Top of Data provided

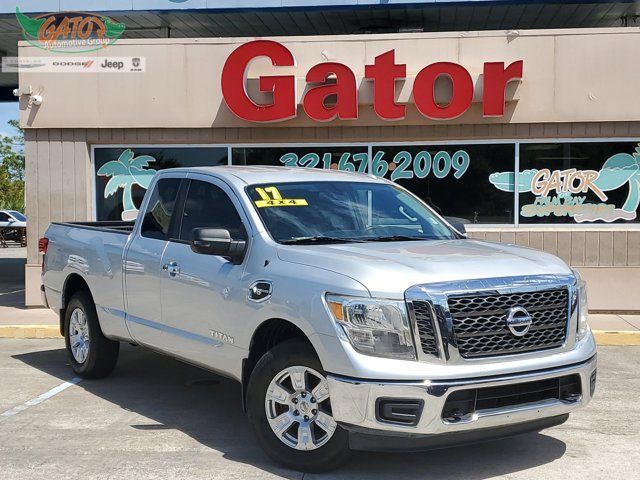 2017 Nissan Titan SV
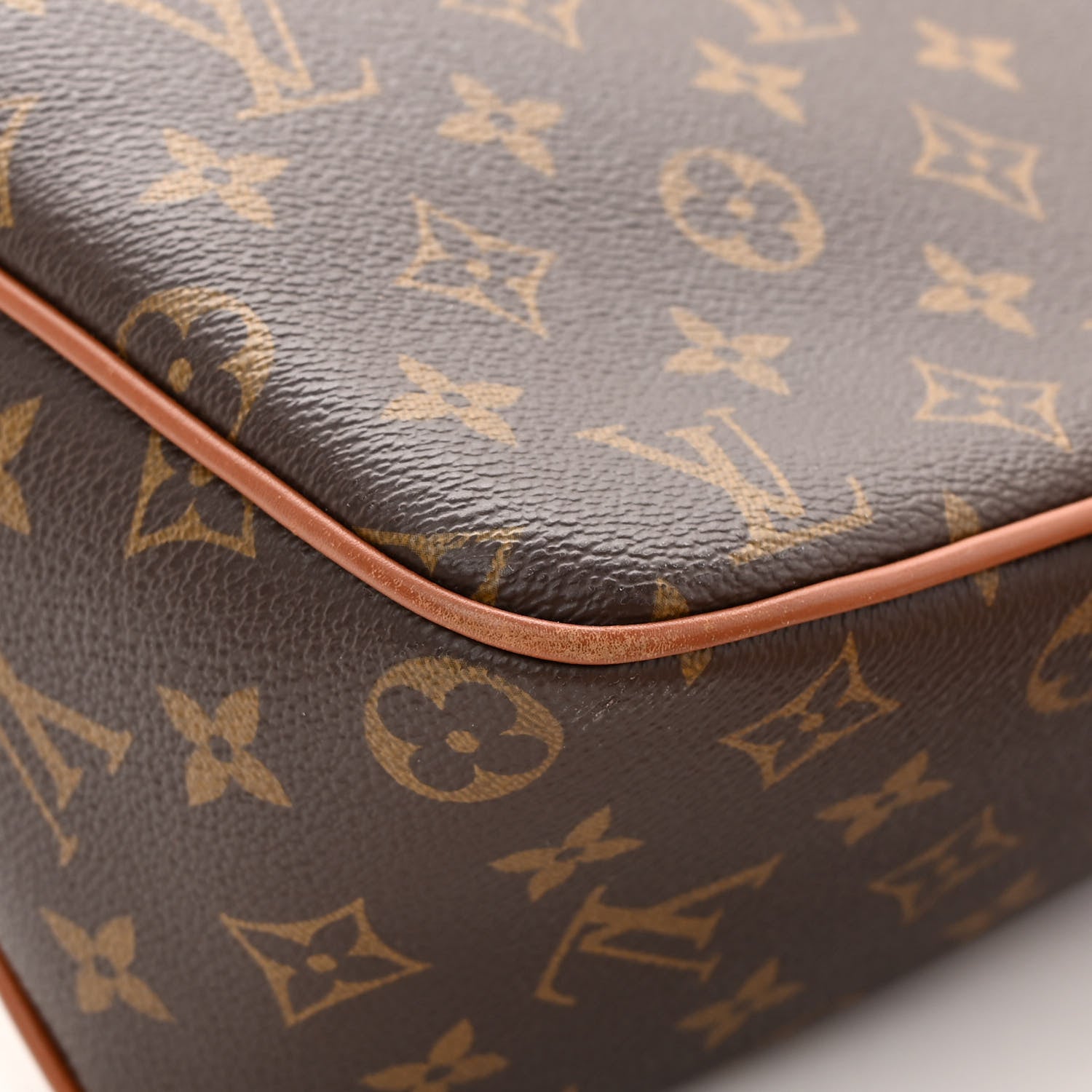 Louis Vuitton Reverse Monogram Dauphine Hobo PM 12 of 15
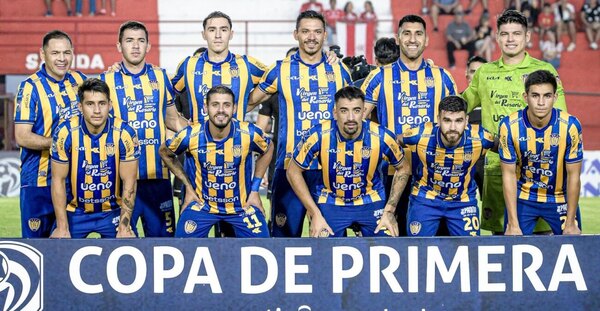 Versus / Luqueño separa a dos jugadores por supuesta indisciplina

Bottom of Data provided

*Exercise prompt:* Return the whole listing, word for word, and leave out every picture.

*Result:*
 2017 Nissan Titan SV
 Louis Vuitton Reverse Monogram Dauphine Hobo PM 12 of 15
 Versus / Luqueño separa a dos jugadores por supuesta indisciplina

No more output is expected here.